A: If a triangle and its symmedian point are given, you can construct points of the circumcircle using only a straightedge.
Of course, you cannot construct the symmedian point using only a straightedge. But let us assume that the symmedian point has somehow been provided already.
This is illustrated in the figure below. As long as the green line $p$ passes through the symmedian point $K$, the associated green point $P$ ends up on the circumcircle of $ABC$.

To explain, I need Poncelet's concept of trilinear polarity. Nowadays that would probably better be termed trilateral duality, but herein I will use the terms as introduced on the above-mentioned Wikipedia page.
From the Definition, you can see that trilinear polars and poles can be constructed using a straightedge only.
Also noted is that, given a circumconic $k$, the trilinear polars of all its points concur in a point $K$.

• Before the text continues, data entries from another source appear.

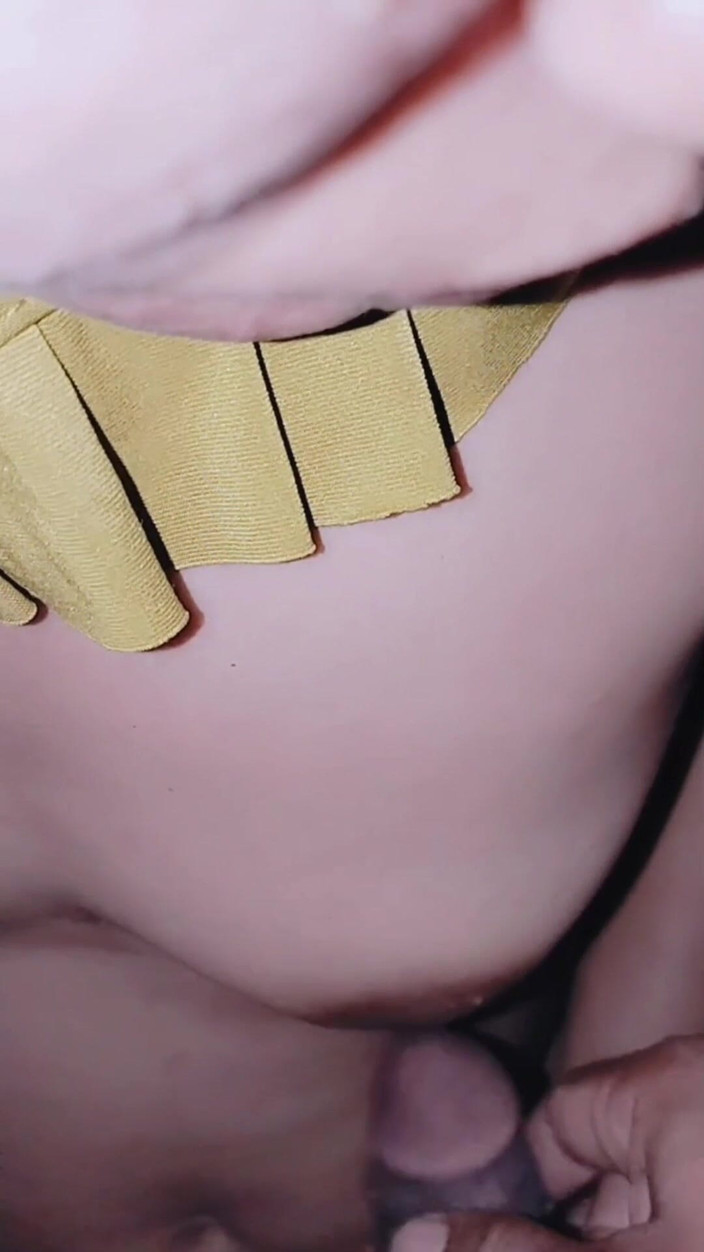 Pasutri indo: Moja niegrzeczna przyrodnia siostra. Pociera kutasa moimi piersiami, a także...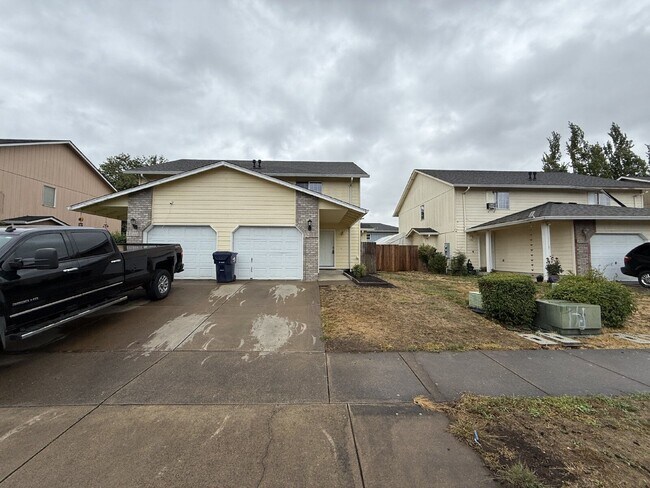 533 Autumn Ave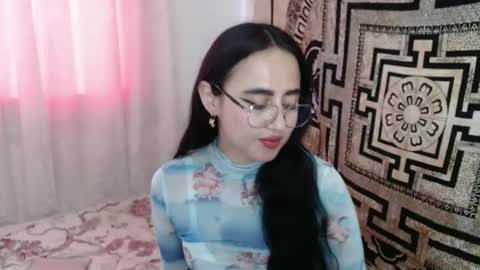 Snapshot of ninakravtz chatting on December 6, 3:22 pm N I N A online show from December 6, 3:22 pm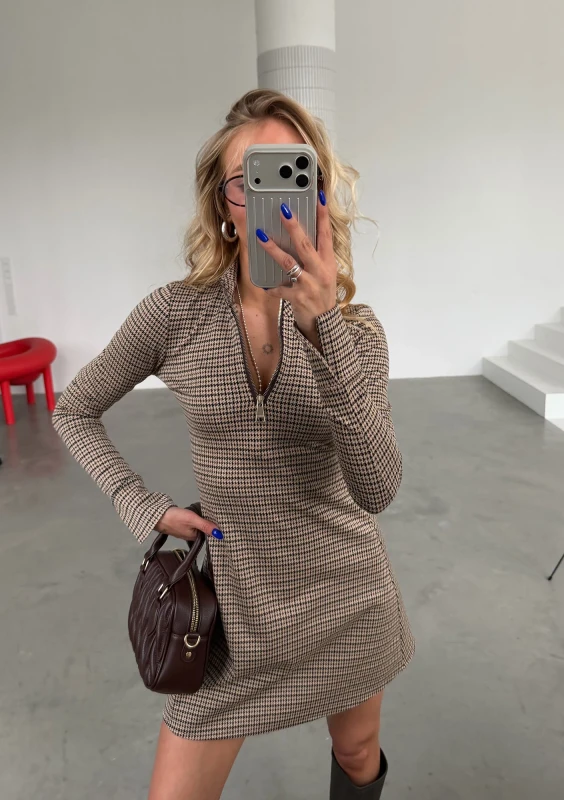 Riva - Fitted cheerful checked mini dress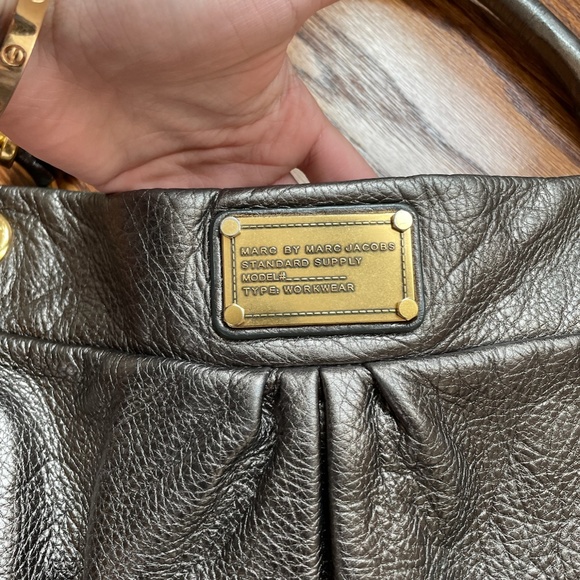 Limited Edition Marc by Marc Jacobs Metallic Grey Leather Classic Q Hillier Hobo - Picture 4 of 6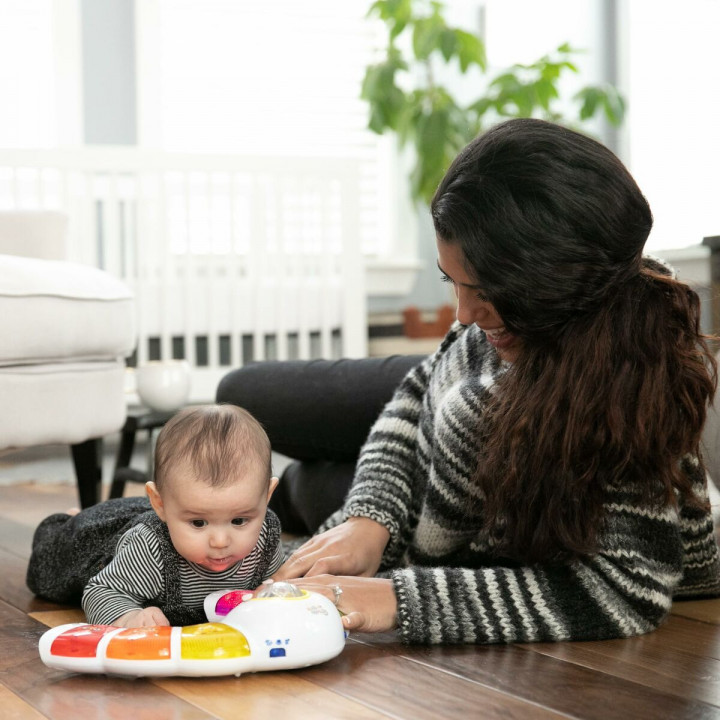 Spielbogen für Babies Baby Einstein Glow & Discover Light Bar Bunt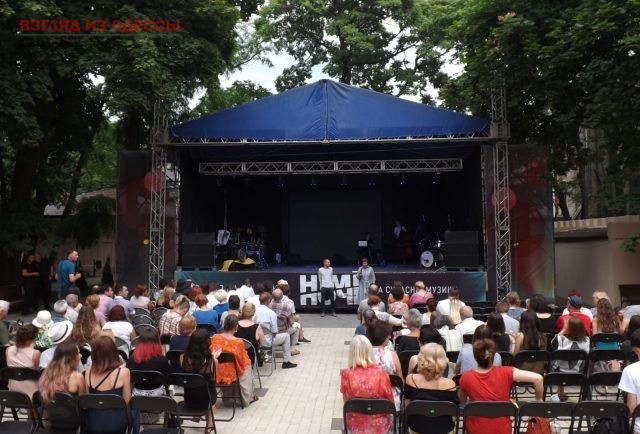 В Одессе провели 9-й Фестиваль "Немые ночи"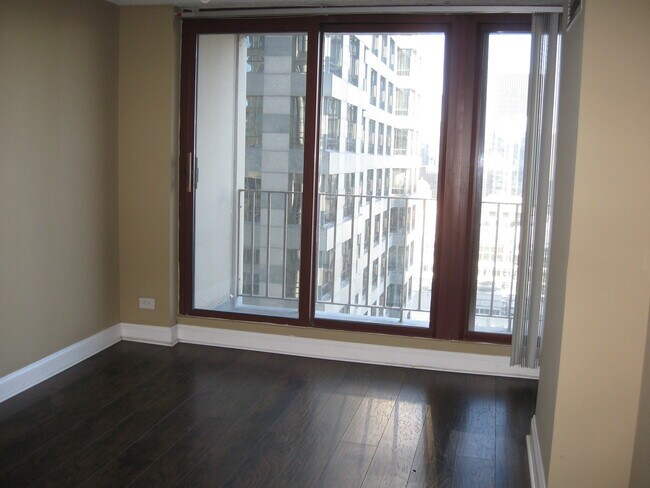 Foto del edificio - 200 N Dearborn St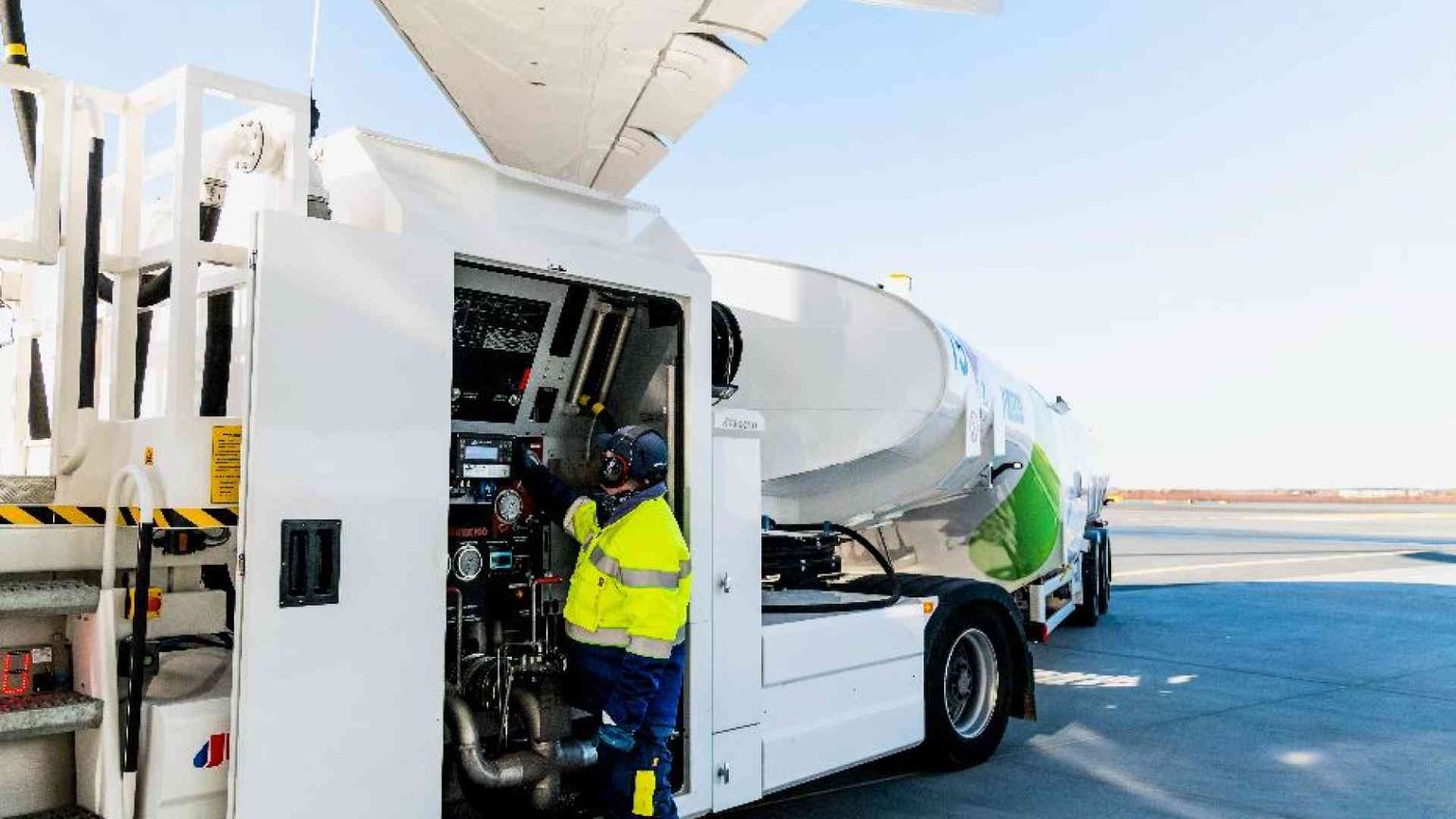 Vicino l’obbligo Ue di caburanti verdi: ma i biglietti aerei costeranno di più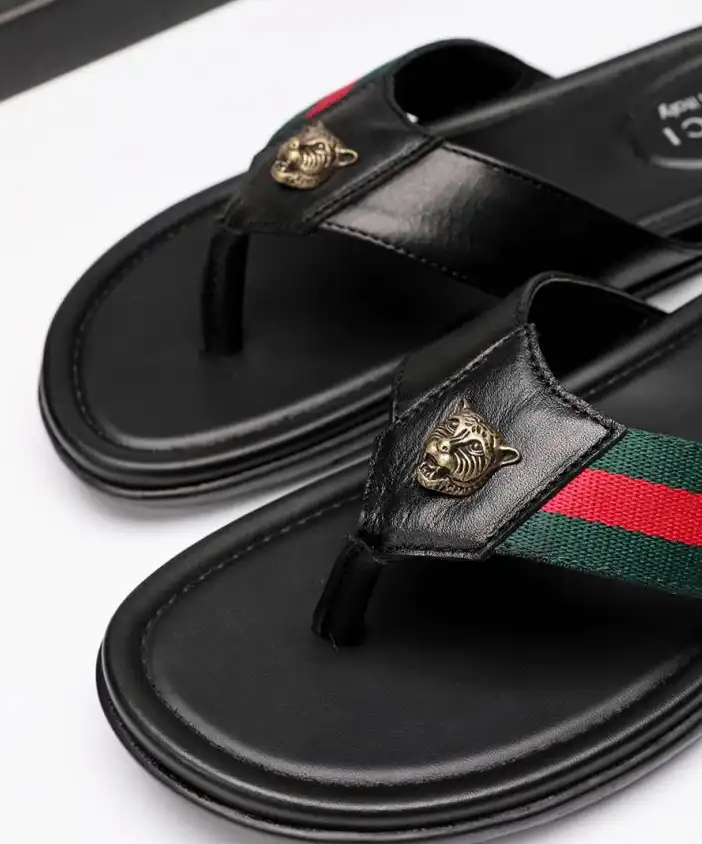 hype Gucci Slippers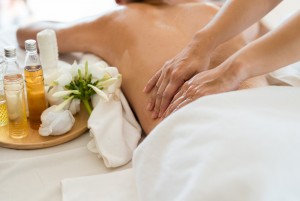 GIẢI NHIỆT MÙA HÈ VỚI DẦU MASSAGE “MÁT LẠNH”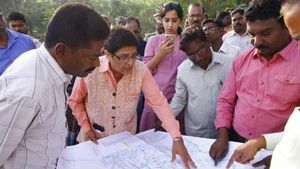 தமிழக அரசியல் ஊழலால் சீரழிந்து விட்டது.. டிவீட் போட்டு திட்டிய கிரண் பேடி!
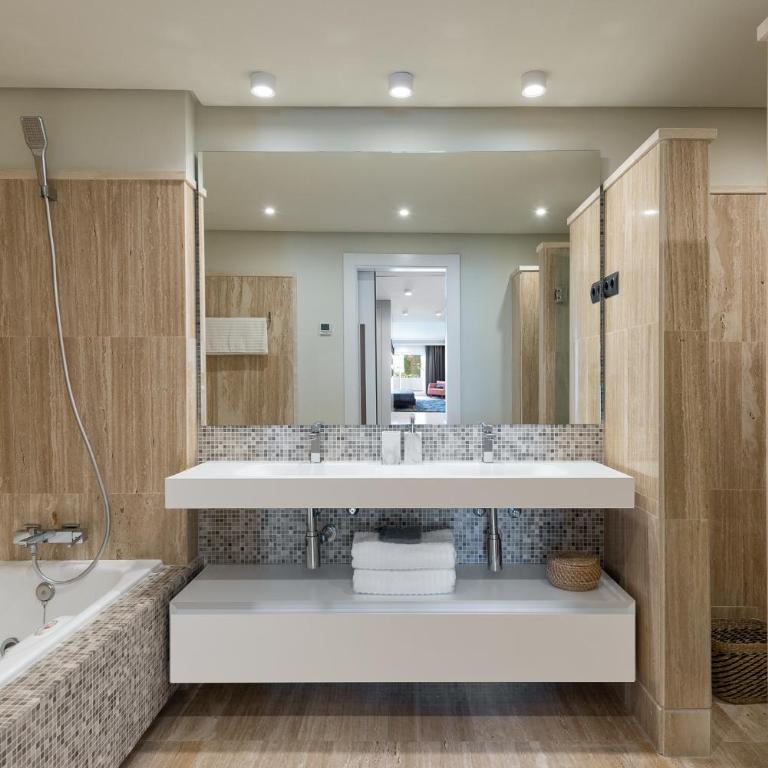 Stunning Modern Apt Frontline beach - RDR206 - Two-Bedroom Apartment - 17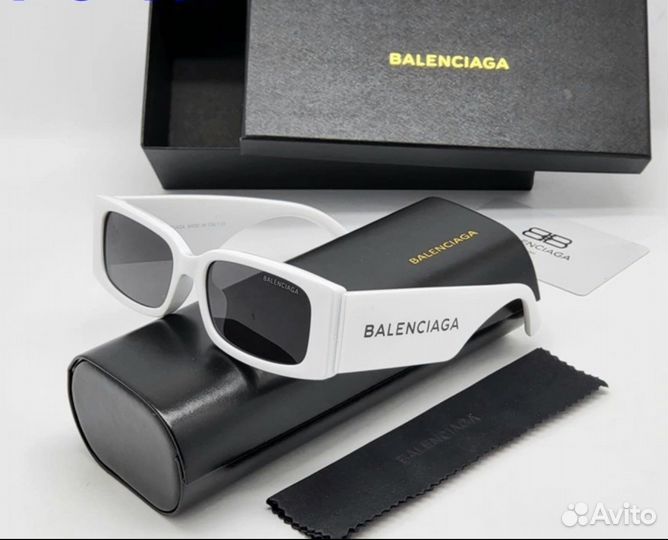 Солнцезащитные очки balenciaga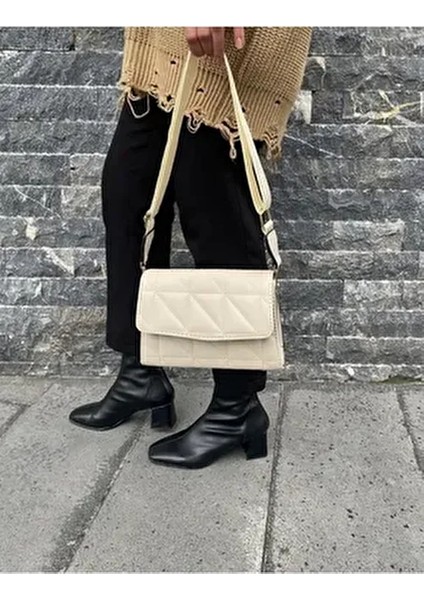 Kadın Krem Kapitone Çapraz Omuz Çantası Suni Deri Ayarlanabilir Askılı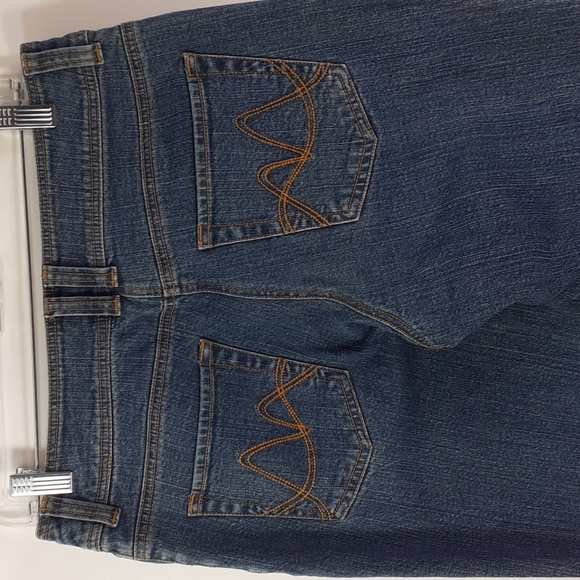 New York Co. Blue Jeans Women's Size 6 Cuffed Jean Capris - Picture 10 of 16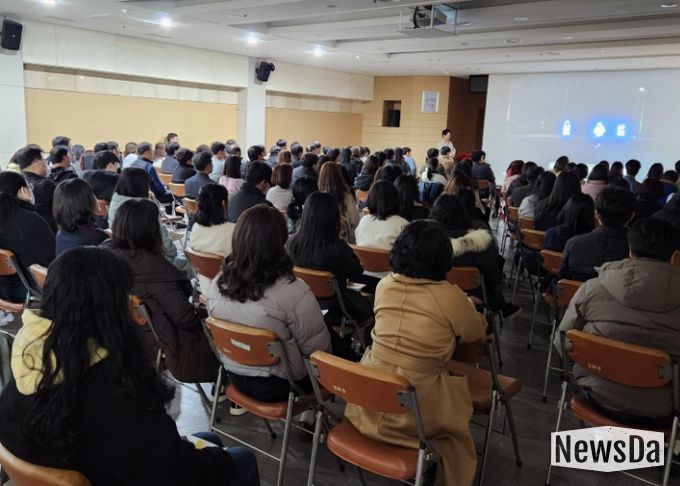 강화군, 한문철 변호사 초청 ‘강화아카데미’ 개최… 교통안전 공감대 높여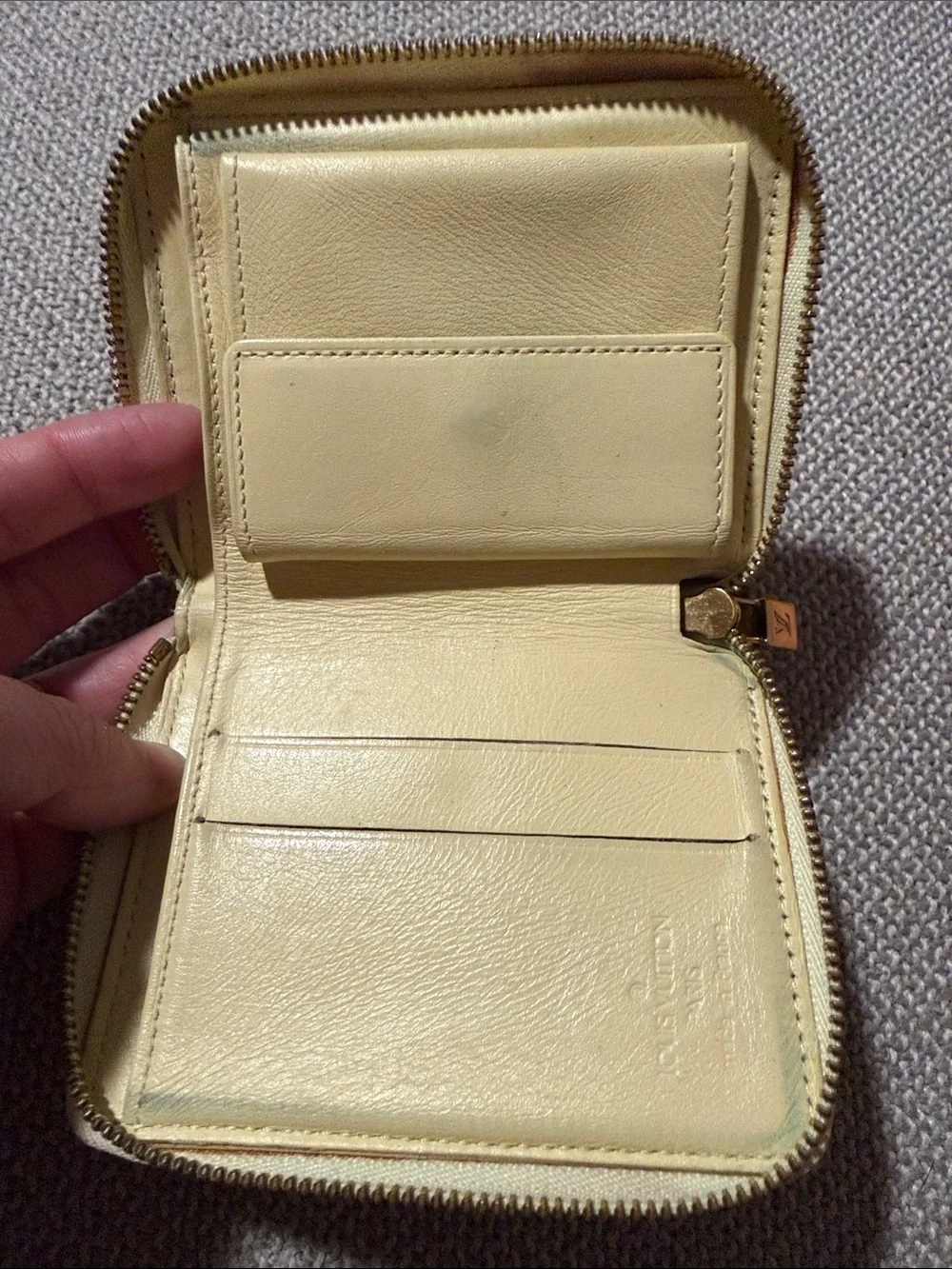 Louis Vuitton Vernis authentic zippy compact wallet BJ0959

Concretely, in a homogenous triangle coordinate system, which represents the vertices $A,B,C$ as $(1:0:0), (0:1:0), (0:0:1)$ respectively, a circumconic's equation takes the form $k(u,v,w) = Rvw + Swu + Tuv = 0$ with constant coefficients $R,S,T$.
Then the point of concurrence of all its trilinear polars is $K=(R:S:T)$.
Note that there are several such triangle coordinate systems, depending on which triangle center shall be represented as $(1:1:1)$, but the above correspondence holds for any such coordinate system.
Now draw a line $p$ through $K$ but not through $A$, $B$, or $C$, and construct the trilinear pole $P$ of $p$, using straightedge only. That point $P$ must end up on the circumconic $k$ associated with $K$. Varying the slope of the line $p$ also varies the location of $P$ on the circumconic $k$.
For an instance of the circumconic $k$, let us consider the circumcircle.
In barycentric coordinates, its equation is $k(u,v,w) = a^2vw + b^2 wu + c^2 uv = 0$, where $a,b,c$ are the triangle's side lengths. Therefore, the associated point $K$ has barycentric coordinates $(a^2:b^2:c^2)$, which are those of the symmedian point.